Arricchisce il Festival del Mondo antico la sezione “Vacanze romane”, che propone visite guidate ai tesori antichi del territorio. Sabato 21 e domenica 22 giugno alle ore 11, 17, 21 si possono visitare La Domus del Chirurgo e le domus di Ariminum, visita guidata al sito archeologico di piazza Ferrari e alle testimonianze delle abitazioni di età imperiale raccolte al Museo della Città. Sempre sabato 21 e domenica 22 giugno ma alle ore 10.30 e 16.30 c’è “Le pietre raccontano”, visita guidata al lapidario romano a cura degli studenti del Liceo Classico “G. Cesare”. Sabato 21 e domenica 22 giugno alle ore 16, 17, 18, 19 e alle 21, 22, 23 con “Rimini in barchetta …” si può “visitare” il ponte di Tiberio a bordo di un catamarano a motore passando tra le arcate del bimillenario Ponte di Tiberio per ammirare pietre, simboli, possenza e fascino senza tempo del monumento riminese più amato dai viaggiatori. Posti disponibili 10. In caso di un numero di partecipanti inferiore a 6 l’uscita verrà effettuata con barche a remi. A cura dell’Associazione Marinando. È richiesta prenotazione telefonica (tel. 0541.704415 e 329.2103329). Offerta libera. Sabato 21 alle 21 si va alla scoperta del Museo della Città con “Augusto e la sua Rimini”: nelle sale del Museo si incontra Ottaviano Augusto rappresentato nel ritratto marmoreo che lo identifica con i suoi caratteri fisiognomici. Da lì inizia il percorso che attraversa anche le testimonianze della Città profondamente modificata da Augusto e monumentalizzata. A cura di Monia Magalotti.

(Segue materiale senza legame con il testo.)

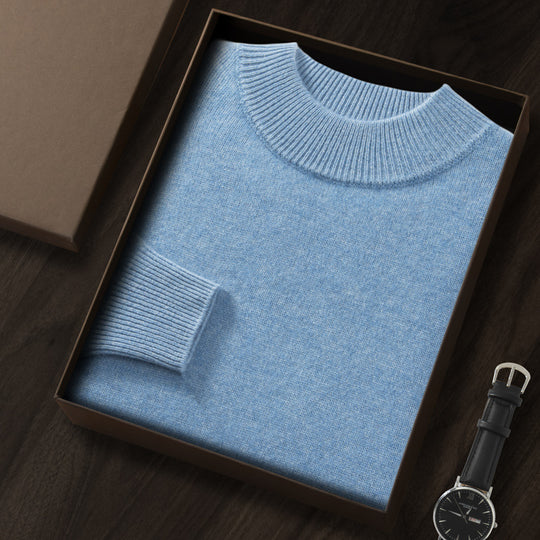 Herren-Kaschmirpullover, Rundhals oder Stehkragen, gestrickt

Anche quest’anno il Festival può contare sulla collaborazione della casa editrice Il Mulino: l’idea è quella di passare dal libro al dialogo diretto con gli autori, in un continuo scambio di informazioni non solo a fini divulgativi ma anche dispensando qualche curiosità. E quindi accanto a temi relativi al rapporto tra il potere e la cultura, o il potere e le donne, o ancora sul mutamento degli imperi, ci sono incursioni su questioni più leggere, come la cucina ai tempi di Augusto. Ultimo ma non meno importante tassello della manifestazione, il Piccolo Mondo Antico Festival, la sezione dedicata ai più piccoli: qui bambini e ragazzi incontreranno il fascino della storia attraverso archeologia sperimentale, giochi e racconti animati.